Perennial powerhouse Microsoft kept swinging in 2000, despite getting hit with a few good punches.
The greatest blow came in June, when U.S. District Court Judge Thomas Penfield Jackson found Microsoft guilty of antitrust violations and ordered the company split in two. The appeals process, which will drag through the first half of 2001, could prove to be a power drain.
The stock market got in another shot, with Microsoft's stock price plummeting. At one point in October, the stock price was more than 50% below its yearly high of $119.
Another whammy came with the resignation of 14-year company veteran Paul Maritz, group vice president of the platforms strategy and developer group. He helped develop Windows and Office.
But Microsoft doesn't retract; it reloads.
Steve Ballmer, CEO since January, and Bill Gates, as chief software architect, spent the year hawking Windows 2000 and morphing Windows into a distributed computing infrastructure called .Net. Their challenge now is defining .Net clearly and delivering servers and development tools.
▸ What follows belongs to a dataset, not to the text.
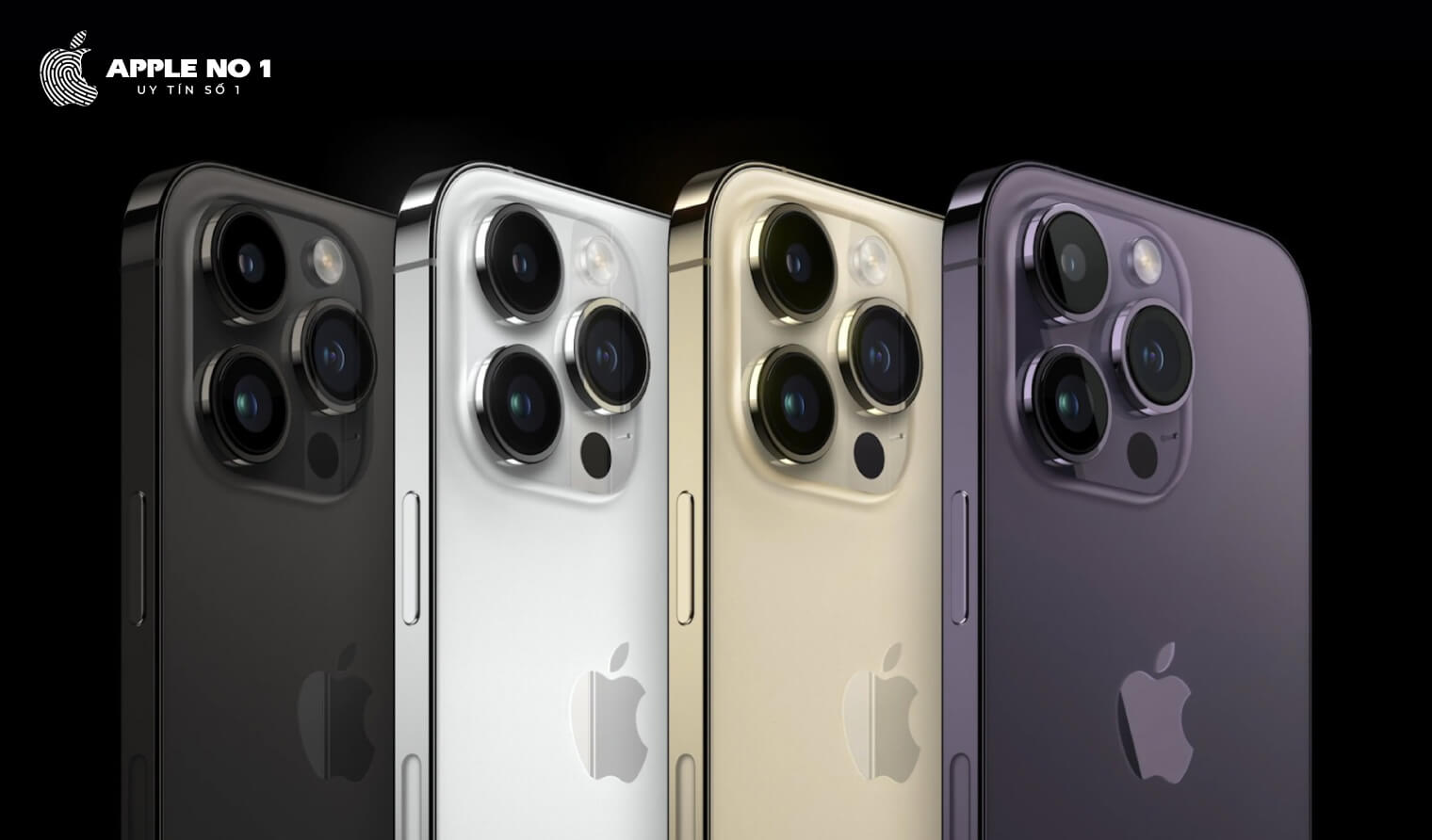 Camera 48 megapixel Camera 48 megapixel
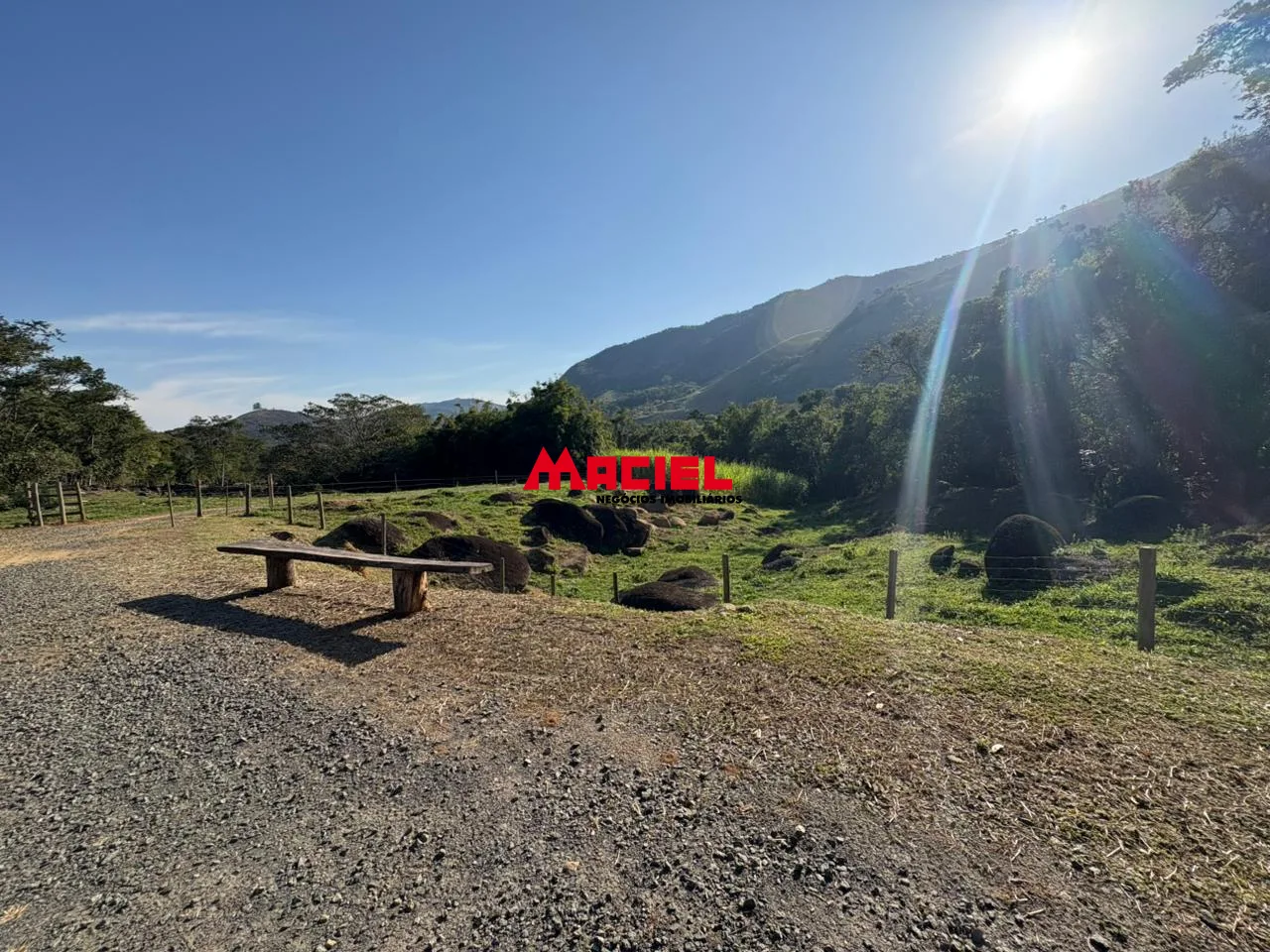 Comprar Rural / Fazenda, S&iacute;tio e Ch&aacute;cara em Monteiro Lobato R$ 2.000.000,00 - Foto 36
The two delivered big revenue for fiscal year 2000, which ended June 30. The tally was $23 billion, an increase of $3.2 billion over last year. However, that reflects a slight weakening in revenue growth -- the 1999 revenue figure came in at $4.5 billion more than the '98 number.
The good news is the stock slide should reverse as Win 2000 finds acceptance; as of early December, the stock was trading in the upper $50 range. Investment forecaster Zacks Investment Research predicts earnings growth of slightly more than 10% for 2001 and 12% for 2002.
Clearly, Microsoft is still a power broker. But just as clear is that the company will have to work harder in 2001 as its bread-and-butter PC market declines.
That means .Net will have to gain traction and success is needed in new technology areas such as wireless, with the Stinger phone; digital devices, with Pocket PC; and games, with Xbox.